EXERCISE AIM ▸ Return the records exactly, keeping every line as it is.

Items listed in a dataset
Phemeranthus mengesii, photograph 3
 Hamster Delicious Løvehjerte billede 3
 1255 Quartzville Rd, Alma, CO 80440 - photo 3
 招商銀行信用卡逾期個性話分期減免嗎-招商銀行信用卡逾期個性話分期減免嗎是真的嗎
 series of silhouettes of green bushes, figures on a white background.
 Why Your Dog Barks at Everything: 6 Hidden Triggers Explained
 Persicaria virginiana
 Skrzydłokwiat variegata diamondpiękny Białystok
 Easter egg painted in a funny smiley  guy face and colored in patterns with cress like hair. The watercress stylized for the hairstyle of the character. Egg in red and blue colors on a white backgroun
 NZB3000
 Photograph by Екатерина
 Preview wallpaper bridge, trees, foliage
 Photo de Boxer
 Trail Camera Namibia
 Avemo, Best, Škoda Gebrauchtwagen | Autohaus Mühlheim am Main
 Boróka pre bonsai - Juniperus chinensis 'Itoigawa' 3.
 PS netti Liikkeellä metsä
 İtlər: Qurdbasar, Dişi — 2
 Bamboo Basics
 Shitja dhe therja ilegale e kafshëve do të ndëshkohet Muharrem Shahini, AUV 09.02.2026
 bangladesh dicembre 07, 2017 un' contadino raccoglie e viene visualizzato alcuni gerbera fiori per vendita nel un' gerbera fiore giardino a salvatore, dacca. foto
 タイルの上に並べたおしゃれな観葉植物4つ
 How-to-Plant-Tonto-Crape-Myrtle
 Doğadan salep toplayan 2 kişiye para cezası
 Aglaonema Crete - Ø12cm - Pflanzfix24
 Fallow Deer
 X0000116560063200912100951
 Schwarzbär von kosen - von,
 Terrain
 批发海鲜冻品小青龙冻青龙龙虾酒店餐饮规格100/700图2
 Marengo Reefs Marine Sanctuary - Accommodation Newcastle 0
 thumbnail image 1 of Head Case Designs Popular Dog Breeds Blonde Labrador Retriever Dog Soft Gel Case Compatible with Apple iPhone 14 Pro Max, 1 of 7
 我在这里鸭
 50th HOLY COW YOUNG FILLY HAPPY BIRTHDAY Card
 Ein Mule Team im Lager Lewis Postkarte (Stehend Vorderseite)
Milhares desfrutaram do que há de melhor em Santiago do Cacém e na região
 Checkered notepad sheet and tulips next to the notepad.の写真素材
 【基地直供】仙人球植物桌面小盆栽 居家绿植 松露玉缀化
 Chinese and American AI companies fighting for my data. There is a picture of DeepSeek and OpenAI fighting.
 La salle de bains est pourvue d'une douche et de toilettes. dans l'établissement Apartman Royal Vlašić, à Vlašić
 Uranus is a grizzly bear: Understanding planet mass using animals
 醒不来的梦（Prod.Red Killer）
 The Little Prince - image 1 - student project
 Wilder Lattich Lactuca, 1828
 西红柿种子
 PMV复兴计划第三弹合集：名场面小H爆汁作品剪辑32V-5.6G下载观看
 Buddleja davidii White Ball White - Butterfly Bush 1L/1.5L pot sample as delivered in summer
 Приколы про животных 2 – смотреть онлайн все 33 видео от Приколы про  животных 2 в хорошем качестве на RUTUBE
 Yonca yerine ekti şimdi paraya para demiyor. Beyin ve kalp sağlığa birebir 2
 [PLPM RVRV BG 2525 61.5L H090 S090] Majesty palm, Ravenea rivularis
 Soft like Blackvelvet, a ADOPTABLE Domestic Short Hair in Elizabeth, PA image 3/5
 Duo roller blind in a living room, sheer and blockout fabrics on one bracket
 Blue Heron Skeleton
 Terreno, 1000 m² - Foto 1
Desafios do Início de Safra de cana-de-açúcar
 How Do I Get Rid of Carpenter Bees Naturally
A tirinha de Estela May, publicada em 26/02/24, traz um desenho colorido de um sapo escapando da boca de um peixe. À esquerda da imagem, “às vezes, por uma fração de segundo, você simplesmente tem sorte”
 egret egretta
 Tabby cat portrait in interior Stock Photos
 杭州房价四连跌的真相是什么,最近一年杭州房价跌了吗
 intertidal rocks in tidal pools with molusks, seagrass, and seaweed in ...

TASK RESULT ▸
Phemeranthus mengesii, photograph 3
 Hamster Delicious Løvehjerte billede 3
 1255 Quartzville Rd, Alma, CO 80440 - photo 3
 招商銀行信用卡逾期個性話分期減免嗎-招商銀行信用卡逾期個性話分期減免嗎是真的嗎
 series of silhouettes of green bushes, figures on a white background.
 Why Your Dog Barks at Everything: 6 Hidden Triggers Explained
 Persicaria virginiana
 Skrzydłokwiat variegata diamondpiękny Białystok
 Easter egg painted in a funny smiley  guy face and colored in patterns with cress like hair. The watercress stylized for the hairstyle of the character. Egg in red and blue colors on a white backgroun
 NZB3000
 Photograph by Екатерина
 Preview wallpaper bridge, trees, foliage
 Photo de Boxer
 Trail Camera Namibia
 Avemo, Best, Škoda Gebrauchtwagen | Autohaus Mühlheim am Main
 Boróka pre bonsai - Juniperus chinensis 'Itoigawa' 3.
 PS netti Liikkeellä metsä
 İtlər: Qurdbasar, Dişi — 2
 Bamboo Basics
 Shitja dhe therja ilegale e kafshëve do të ndëshkohet Muharrem Shahini, AUV 09.02.2026
 bangladesh dicembre 07, 2017 un' contadino raccoglie e viene visualizzato alcuni gerbera fiori per vendita nel un' gerbera fiore giardino a salvatore, dacca. foto
 タイルの上に並べたおしゃれな観葉植物4つ
 How-to-Plant-Tonto-Crape-Myrtle
 Doğadan salep toplayan 2 kişiye para cezası
 Aglaonema Crete - Ø12cm - Pflanzfix24
 Fallow Deer
 X0000116560063200912100951
 Schwarzbär von kosen - von,
 Terrain
 批发海鲜冻品小青龙冻青龙龙虾酒店餐饮规格100/700图2
 Marengo Reefs Marine Sanctuary - Accommodation Newcastle 0
 thumbnail image 1 of Head Case Designs Popular Dog Breeds Blonde Labrador Retriever Dog Soft Gel Case Compatible with Apple iPhone 14 Pro Max, 1 of 7
 我在这里鸭
 50th HOLY COW YOUNG FILLY HAPPY BIRTHDAY Card
 Ein Mule Team im Lager Lewis Postkarte (Stehend Vorderseite)
Milhares desfrutaram do que há de melhor em Santiago do Cacém e na região
 Checkered notepad sheet and tulips next to the notepad.の写真素材
 【基地直供】仙人球植物桌面小盆栽 居家绿植 松露玉缀化
 Chinese and American AI companies fighting for my data. There is a picture of DeepSeek and OpenAI fighting.
 La salle de bains est pourvue d'une douche et de toilettes. dans l'établissement Apartman Royal Vlašić, à Vlašić
 Uranus is a grizzly bear: Understanding planet mass using animals
 醒不来的梦（Prod.Red Killer）
 The Little Prince - image 1 - student project
 Wilder Lattich Lactuca, 1828
 西红柿种子
 PMV复兴计划第三弹合集：名场面小H爆汁作品剪辑32V-5.6G下载观看
 Buddleja davidii White Ball White - Butterfly Bush 1L/1.5L pot sample as delivered in summer
 Приколы про животных 2 – смотреть онлайн все 33 видео от Приколы про  животных 2 в хорошем качестве на RUTUBE
 Yonca yerine ekti şimdi paraya para demiyor. Beyin ve kalp sağlığa birebir 2
 [PLPM RVRV BG 2525 61.5L H090 S090] Majesty palm, Ravenea rivularis
 Soft like Blackvelvet, a ADOPTABLE Domestic Short Hair in Elizabeth, PA image 3/5
 Duo roller blind in a living room, sheer and blockout fabrics on one bracket
 Blue Heron Skeleton
 Terreno, 1000 m² - Foto 1
Desafios do Início de Safra de cana-de-açúcar
 How Do I Get Rid of Carpenter Bees Naturally
A tirinha de Estela May, publicada em 26/02/24, traz um desenho colorido de um sapo escapando da boca de um peixe. À esquerda da imagem, “às vezes, por uma fração de segundo, você simplesmente tem sorte”
 egret egretta
 Tabby cat portrait in interior Stock Photos
 杭州房价四连跌的真相是什么,最近一年杭州房价跌了吗
 intertidal rocks in tidal pools with molusks, seagrass, and seaweed in ...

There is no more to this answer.